例えば、新型コロナウイルスへの感染が疑われる従業員に対して、会社が自宅待機するよう命令を出した。その後、連絡が取れなくなり、就業規則の規定に基づいて自然退職の扱いとしたとします。後日、その従業員から「会社から自宅待機命令を受けて出社しなかっただけなので、退職は無効だ」と主張された場合、退職は無効と判断される可能性が高いです。会社が強制的に従業員を休ませた場合、労働基準法が定める休業手当の支払い義務も生じます。
新型コロナウイルス感染の疑いがある従業員を一時的に休ませる場合、どのような扱いにするか明確にしましょう。また、PCR検査の結果や症状等について継続的に聞き取る体制を整えておくことも大切です。加えて、復職の判断基準も明確に決めておく必要があります。
自然退職のトラブルを未然に防ぐポイント
自然退職のトラブルを防ぐ対応策とそのポイントを説明します。
対応1:就業規則等に規定する
自然退職を巡るトラブルを防ぐためには、就業規則や雇用契約書に自然退職に関する規定を設けておくことが重要です。

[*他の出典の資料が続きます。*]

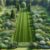 Garden Clearance Cost: Your Essential Guide for the UK
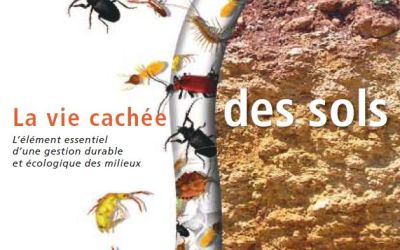 La vie cachée des sols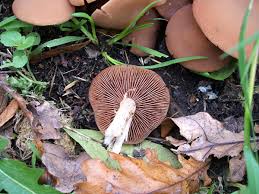 Attēlu rezultāti vaicājumam “Psathyrella sp.”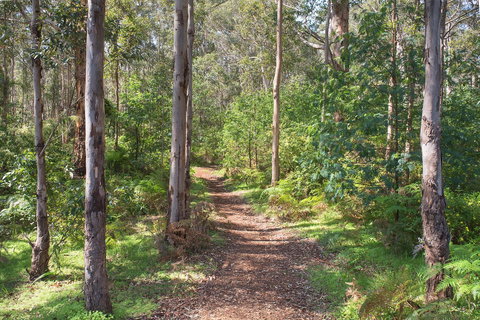 Tall Trees Margaret River - Accommodation Redcliffe 4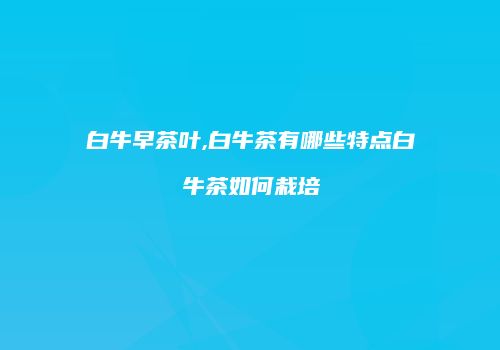 白牛早茶叶,白牛茶有哪些特点白牛茶如何栽培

ただし、労働者に著しく不利な規定は合理性を欠くことから無効と判断される可能性があるため注意が必要です。例えば、わずか2~3日の無断欠勤を理由に自然退職とするという規定は無効と判断される可能性が高いです。
対応2:連絡が取れない従業員に対して積極的なコミュニケーションを心掛ける
無断欠勤で連絡が取れない状態が続いた場合、自然退職扱いとする前に、
- 従業員の自宅を訪問する
- 身元保証人に連絡する
- 書面等で出勤の催促をする
等、従業員と連絡を取り、出勤を促すために最善を尽くすことが大切です。
就業規則に基づく自然退職は、あらゆる手段を尽くしても連絡が取れない場合の最終手段という位置づけであることが多いです。
対応3:ハラスメントの疑いがある場合、社内調査を実施する
従業員から無断欠勤の原因は上司からのパワハラやセクハラ等のハラスメント被害であったと主張された場合、従業員が主張する事実が真実であるか調査する必要があります。
まずは被害者や目撃者などの関係者を対象として聞き取り調査を行いましょう。パワハラやセクハラは加害者に自覚がない場合もあります。そのため、どのような状況でどのような言動をしたのかという客観的な事実に関する情報を収集することが重要です。調査の結果、パワハラやセクハラの事実が確認できなかった場合でも、当事者間の誤解を解くための働きかけ等の適切な対応が求められます。
【まとめ】人事評価・目標管理をカンタン・シンプルに
自然退職について、いかがでしたか。自然退職について理解しておくことは、従業員と音信不通になる、精神疾患が長期間に渡り治癒しない等のトラブルに対応するために必要不可欠です。そして、自然退職により労働契約を終了させたことが契機となり深刻なトラブルに発展する可能性があるという点も認識しておく必要があります。